Virgin Mobile flaunts number portability victory

Kicking off with typical Bransonian flair, the initiative was teased last week by sending chocolate handcuffs and get-out-of-jail postcards to the influentsia. Next up: Sir Richard will make like Houdini in downtown Toronto.

When Virgin Mobile launched in Canada two years ago, Sir Richard Branson vowed to change the regulatory environment and allow mobile users to keep their cell numbers if they changed carriers. Now it’s happening.

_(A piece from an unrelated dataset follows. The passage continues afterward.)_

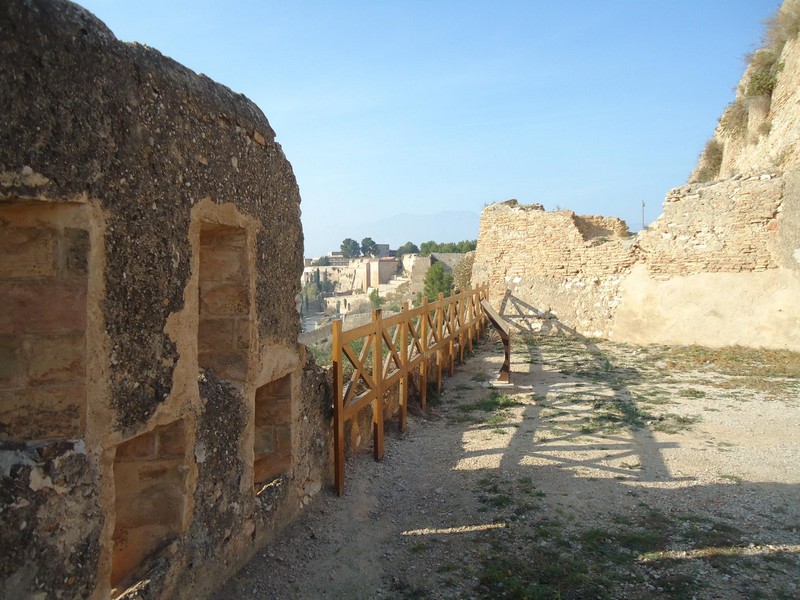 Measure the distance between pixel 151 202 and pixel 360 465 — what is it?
378 cm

And Virgin is playing it up to the hilt. An exceptionally clever integrated campaign has been spun out of a recent survey in which more than 40% of Canadian respondents said, if they could retain their mobile numbers, they would switch phone companies. To facilitate, Virgin’s Toronto-based AOR Zig concocted creative that poses Virgin Mobile as a freedom fighter bent on liberating a potential five million Canadians with Wireless Number Portability (WNP).

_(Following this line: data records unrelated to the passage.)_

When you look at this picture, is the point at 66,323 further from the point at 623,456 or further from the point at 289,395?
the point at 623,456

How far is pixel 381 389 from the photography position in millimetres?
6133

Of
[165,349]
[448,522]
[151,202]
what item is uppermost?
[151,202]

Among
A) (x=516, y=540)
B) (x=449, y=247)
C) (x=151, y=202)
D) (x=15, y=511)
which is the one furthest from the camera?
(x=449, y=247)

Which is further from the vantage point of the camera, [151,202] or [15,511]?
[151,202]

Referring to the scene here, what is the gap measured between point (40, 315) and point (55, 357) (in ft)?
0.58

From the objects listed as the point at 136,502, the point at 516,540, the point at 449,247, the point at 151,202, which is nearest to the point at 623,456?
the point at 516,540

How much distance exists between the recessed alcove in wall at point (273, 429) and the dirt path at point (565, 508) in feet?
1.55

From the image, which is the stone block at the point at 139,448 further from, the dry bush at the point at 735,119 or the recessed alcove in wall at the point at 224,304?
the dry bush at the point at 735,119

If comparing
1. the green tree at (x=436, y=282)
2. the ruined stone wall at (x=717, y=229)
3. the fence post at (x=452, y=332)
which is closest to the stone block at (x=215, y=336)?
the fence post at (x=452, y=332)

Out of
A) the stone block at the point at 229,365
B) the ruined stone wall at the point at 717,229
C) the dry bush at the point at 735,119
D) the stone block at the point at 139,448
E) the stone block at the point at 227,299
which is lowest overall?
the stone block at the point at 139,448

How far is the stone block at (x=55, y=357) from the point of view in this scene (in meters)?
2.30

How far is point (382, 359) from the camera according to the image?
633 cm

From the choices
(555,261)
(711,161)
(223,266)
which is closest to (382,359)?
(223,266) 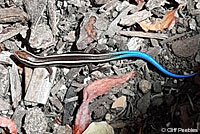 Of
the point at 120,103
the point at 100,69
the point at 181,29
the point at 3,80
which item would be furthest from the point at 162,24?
the point at 3,80

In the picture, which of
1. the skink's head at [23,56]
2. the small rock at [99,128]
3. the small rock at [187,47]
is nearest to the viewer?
the small rock at [99,128]

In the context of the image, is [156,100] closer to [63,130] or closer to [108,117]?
[108,117]

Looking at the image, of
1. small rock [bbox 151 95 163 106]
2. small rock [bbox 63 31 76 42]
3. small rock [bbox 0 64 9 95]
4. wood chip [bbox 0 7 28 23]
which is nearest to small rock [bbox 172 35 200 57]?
small rock [bbox 151 95 163 106]

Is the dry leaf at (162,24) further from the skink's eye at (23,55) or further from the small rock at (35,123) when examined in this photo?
the small rock at (35,123)

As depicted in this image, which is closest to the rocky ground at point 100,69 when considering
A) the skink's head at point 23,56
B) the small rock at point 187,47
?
the small rock at point 187,47

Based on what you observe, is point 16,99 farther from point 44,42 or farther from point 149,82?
point 149,82

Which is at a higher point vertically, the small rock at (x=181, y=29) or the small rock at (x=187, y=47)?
the small rock at (x=181, y=29) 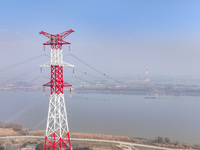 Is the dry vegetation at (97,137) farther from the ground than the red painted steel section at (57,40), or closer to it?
closer to it

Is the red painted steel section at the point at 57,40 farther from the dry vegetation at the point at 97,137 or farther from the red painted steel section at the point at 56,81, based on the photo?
the dry vegetation at the point at 97,137

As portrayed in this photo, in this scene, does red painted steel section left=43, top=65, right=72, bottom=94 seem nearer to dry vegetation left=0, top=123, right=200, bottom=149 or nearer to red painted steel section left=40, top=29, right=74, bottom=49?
red painted steel section left=40, top=29, right=74, bottom=49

To kick off the PR component of the campaign, Toronto-based Hill & Knowlton Canada sent out chocolate handcuffs and get-out-of-jail postcards announcing an upcoming stunt by Virgin’s flashy founder. Exactly what Branson will do in downtown Toronto’s Yonge-Dundas Square during a ‘Great Escape’ on March 13 is top secret, but it will symbolize getting out of ‘mobile jail.’

A lively microsite, www.youcanswitch.ca, was launched, complete with a countdown clock ticking away the seconds until WNP arrives in Canada on March 14. The site gives visitors tips on how to switch carriers, invites them to register for a personal reminder when their current contracts are about to expire, and even lets them send emails to notify friends and family about WNP’s arrival.

With media components of Virgin Mobile’s awareness campaign being handled by Toronto’s Jeff Wills & Co., wild ‘Freedom Day’ postings are going up in key metropolitan areas across Canada. And print ads will soon appear featuring the same countdown that’s featured on the website (no other details were released by MiC‘s press deadline).